> Task item:
Could you please return each line of the data that has the word "beach"?
┌──
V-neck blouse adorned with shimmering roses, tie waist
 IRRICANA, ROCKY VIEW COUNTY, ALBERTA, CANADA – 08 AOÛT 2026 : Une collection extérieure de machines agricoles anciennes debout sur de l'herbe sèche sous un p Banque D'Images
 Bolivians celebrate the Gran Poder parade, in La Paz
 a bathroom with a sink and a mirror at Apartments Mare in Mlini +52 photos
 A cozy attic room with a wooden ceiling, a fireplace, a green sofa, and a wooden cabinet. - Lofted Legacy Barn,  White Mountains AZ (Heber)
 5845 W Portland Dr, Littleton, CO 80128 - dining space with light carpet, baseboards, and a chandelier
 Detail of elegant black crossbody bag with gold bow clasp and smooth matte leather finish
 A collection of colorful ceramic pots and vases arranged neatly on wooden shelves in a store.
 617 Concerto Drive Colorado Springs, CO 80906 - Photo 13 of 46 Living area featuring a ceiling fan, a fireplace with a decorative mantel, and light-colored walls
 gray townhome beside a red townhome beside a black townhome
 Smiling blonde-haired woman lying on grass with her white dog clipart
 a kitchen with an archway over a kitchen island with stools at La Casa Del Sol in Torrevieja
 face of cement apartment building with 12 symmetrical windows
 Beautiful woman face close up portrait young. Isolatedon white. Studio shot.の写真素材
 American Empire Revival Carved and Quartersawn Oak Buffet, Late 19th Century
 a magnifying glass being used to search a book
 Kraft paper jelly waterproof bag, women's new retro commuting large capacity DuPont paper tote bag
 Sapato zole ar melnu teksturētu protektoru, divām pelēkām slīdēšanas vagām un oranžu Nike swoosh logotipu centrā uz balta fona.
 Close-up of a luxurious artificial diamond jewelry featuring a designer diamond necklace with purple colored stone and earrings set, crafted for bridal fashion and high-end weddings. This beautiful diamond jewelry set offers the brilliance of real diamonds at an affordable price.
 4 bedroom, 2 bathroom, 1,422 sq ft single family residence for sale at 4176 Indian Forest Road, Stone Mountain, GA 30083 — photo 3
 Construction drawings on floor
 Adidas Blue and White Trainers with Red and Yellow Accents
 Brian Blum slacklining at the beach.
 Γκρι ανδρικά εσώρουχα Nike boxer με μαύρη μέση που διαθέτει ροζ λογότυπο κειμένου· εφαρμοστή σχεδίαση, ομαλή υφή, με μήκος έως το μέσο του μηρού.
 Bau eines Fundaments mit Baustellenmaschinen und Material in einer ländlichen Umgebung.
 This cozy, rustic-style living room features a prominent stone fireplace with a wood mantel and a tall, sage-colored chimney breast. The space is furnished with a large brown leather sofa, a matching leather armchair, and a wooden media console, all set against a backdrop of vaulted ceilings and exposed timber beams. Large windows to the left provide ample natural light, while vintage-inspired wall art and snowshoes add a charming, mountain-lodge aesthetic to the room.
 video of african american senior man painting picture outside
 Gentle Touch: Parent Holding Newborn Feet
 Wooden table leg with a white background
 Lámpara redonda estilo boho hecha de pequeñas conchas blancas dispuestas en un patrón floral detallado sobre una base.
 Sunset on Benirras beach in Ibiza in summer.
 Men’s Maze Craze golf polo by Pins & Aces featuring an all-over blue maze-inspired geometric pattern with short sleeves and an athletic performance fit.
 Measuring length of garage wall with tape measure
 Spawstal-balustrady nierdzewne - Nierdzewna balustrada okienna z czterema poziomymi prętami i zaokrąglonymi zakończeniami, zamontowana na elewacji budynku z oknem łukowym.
└──
> Response below:
 Brian Blum slacklining at the beach.
 Sunset on Benirras beach in Ibiza in summer.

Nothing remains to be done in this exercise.